» **Task goal**: Starting with the line that includes "1870 ca ENGLAND", write out every remaining line of the records below exactly as it appears, leaving out any images.

» **Stored data**:
•••

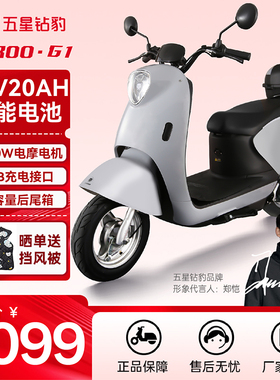 五星钻豹电动车60V20AH大功率电动摩托车成人两轮踏板电瓶车G1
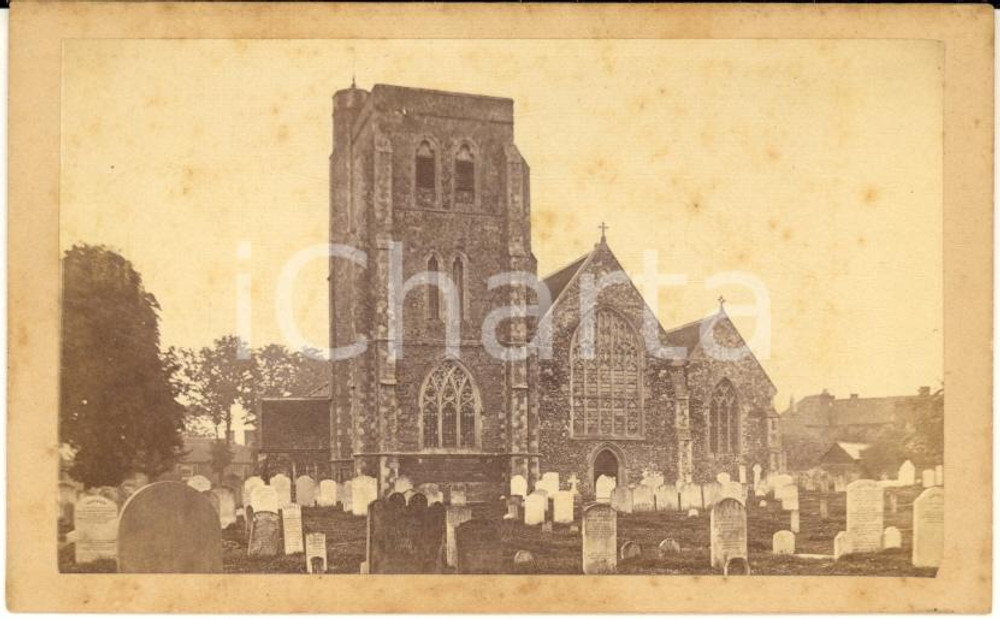 1870 ca ENGLAND Old church with cemetery  - VINTAGE Photo CDV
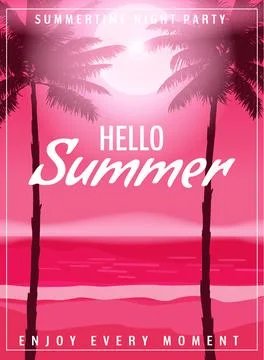 Hello Summer party poster design template, flyer. Summertime beach background Stock Illustration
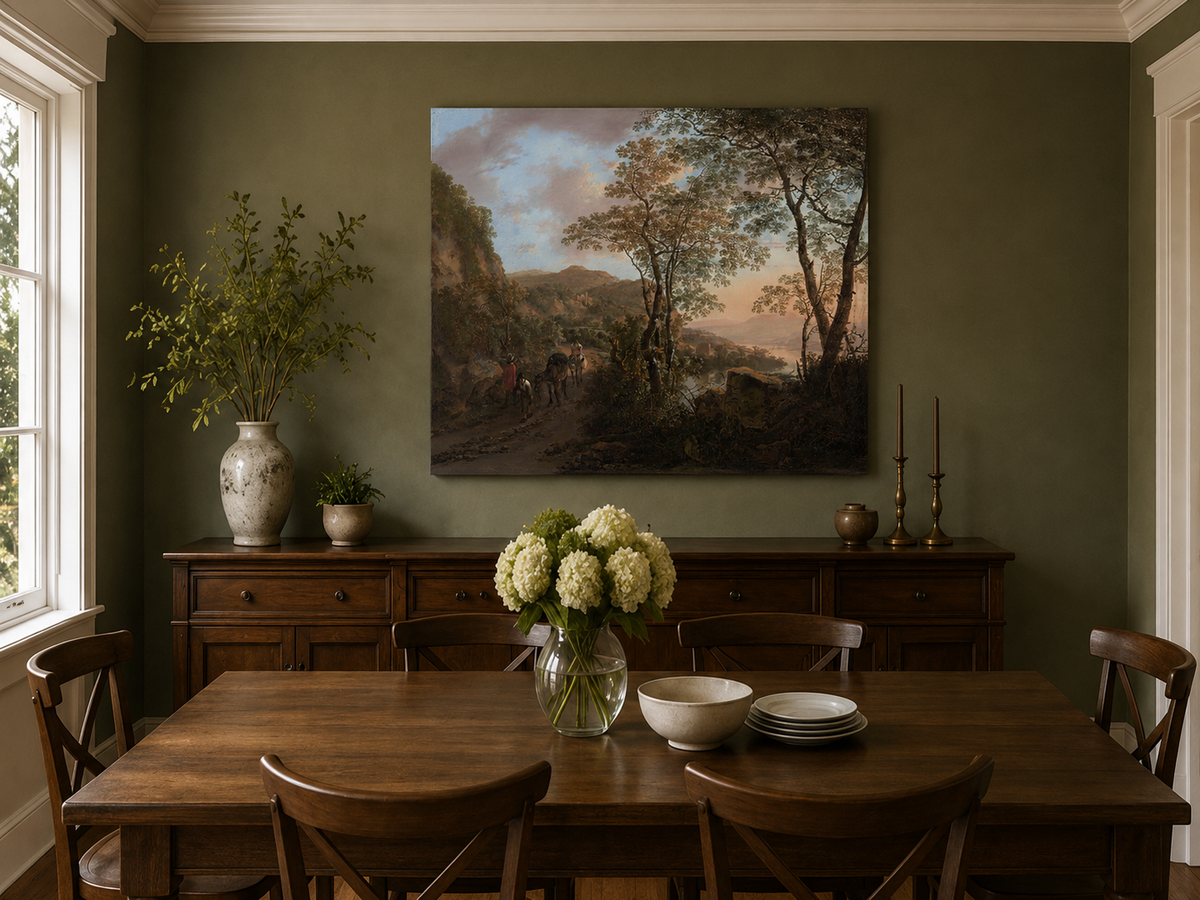 Peinture à l'huile de paysage - Chemin de montagne avec personnages et chevaux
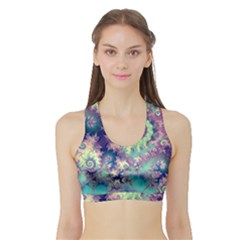 Violet Teal Sea Shells, Abstract Underwater Forest (purple Sea Horse, Abstract Ocean Waves  Women s Sports Bra With Border by DianeClancy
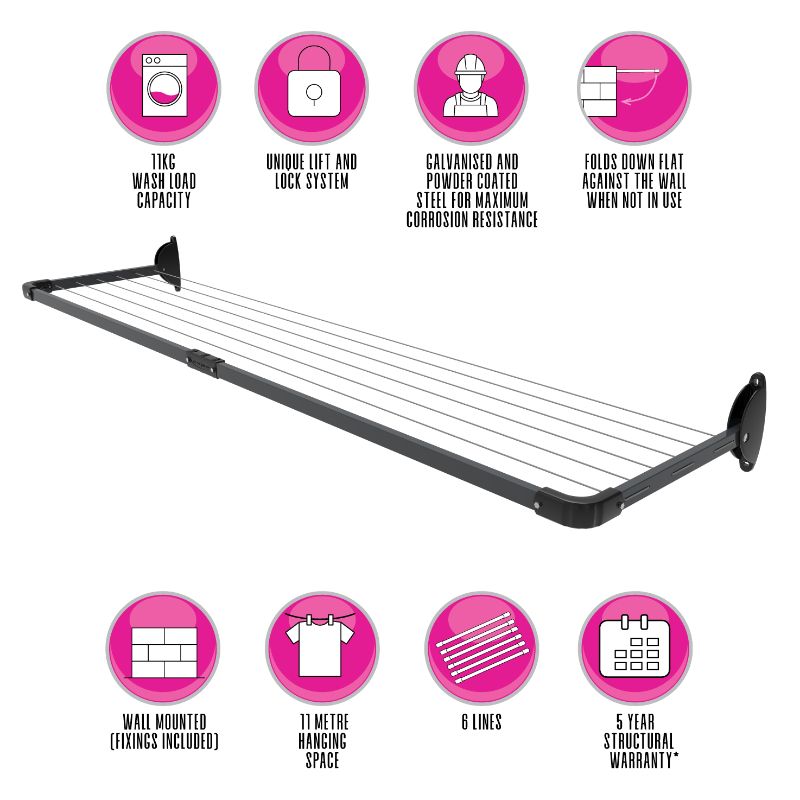 5 Line Slim Fold Down Wall Mounted Clothesline 11 M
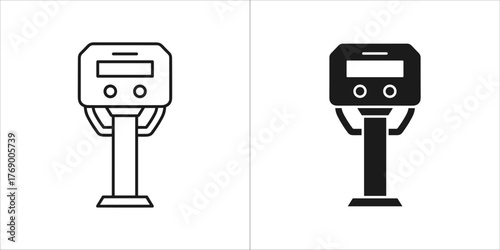 Parking meter icon, simple outline and filled versions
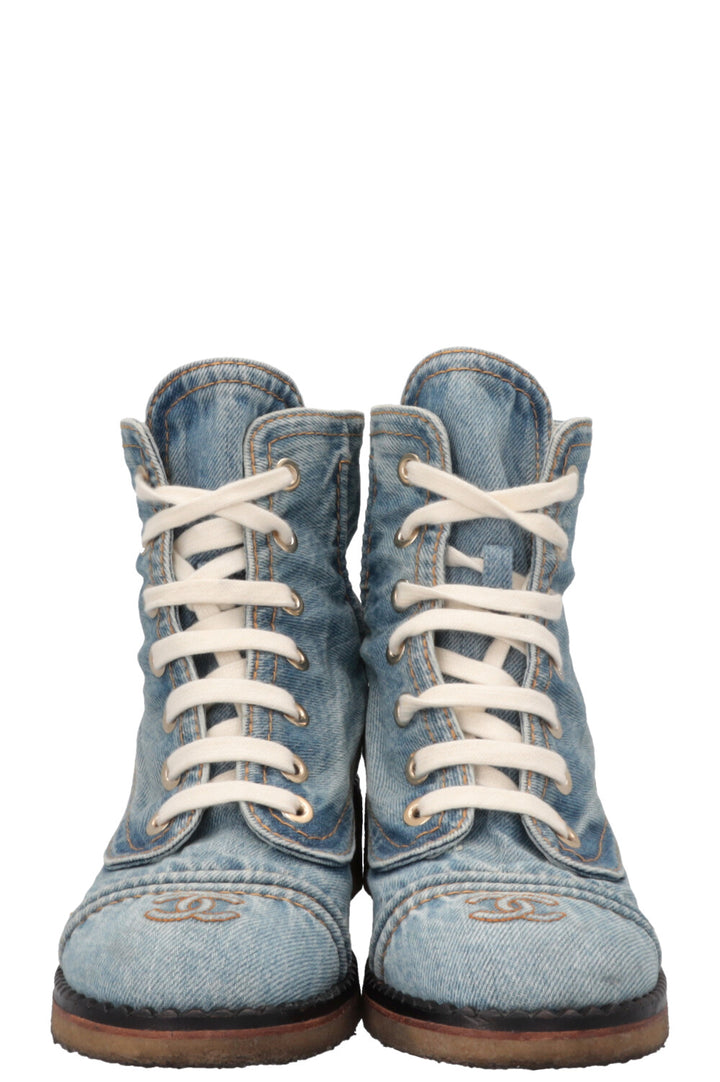 CHANEL Denim CC Ankle Lace Up Boots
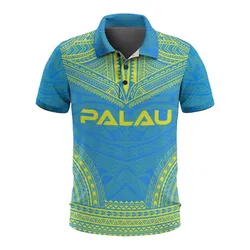 Palau Polo Shirt - Palau Seal Polynesian Chief Tattoo Flag Version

•••

» **Solution to this problem**:
 1870 ca ENGLAND Old church with cemetery  - VINTAGE Photo CDV
 Hello Summer party poster design template, flyer. Summertime beach background Stock Illustration
 Peinture à l'huile de paysage - Chemin de montagne avec personnages et chevaux
 Violet Teal Sea Shells, Abstract Underwater Forest (purple Sea Horse, Abstract Ocean Waves  Women s Sports Bra With Border by DianeClancy
 5 Line Slim Fold Down Wall Mounted Clothesline 11 M
 Parking meter icon, simple outline and filled versions
 CHANEL Denim CC Ankle Lace Up Boots
 Palau Polo Shirt - Palau Seal Polynesian Chief Tattoo Flag Version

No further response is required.